● **What the exercise asks**: Set down, exactly and in full, the line holding "Stainless Steel 20mm" and all the lines after it until the listing ends, and nothing else.

● **Data excerpt**:

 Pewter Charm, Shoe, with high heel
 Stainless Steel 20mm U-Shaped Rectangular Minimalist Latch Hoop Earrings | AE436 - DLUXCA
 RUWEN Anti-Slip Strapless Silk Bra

● **Output below**:
 Stainless Steel 20mm U-Shaped Rectangular Minimalist Latch Hoop Earrings | AE436 - DLUXCA
 RUWEN Anti-Slip Strapless Silk Bra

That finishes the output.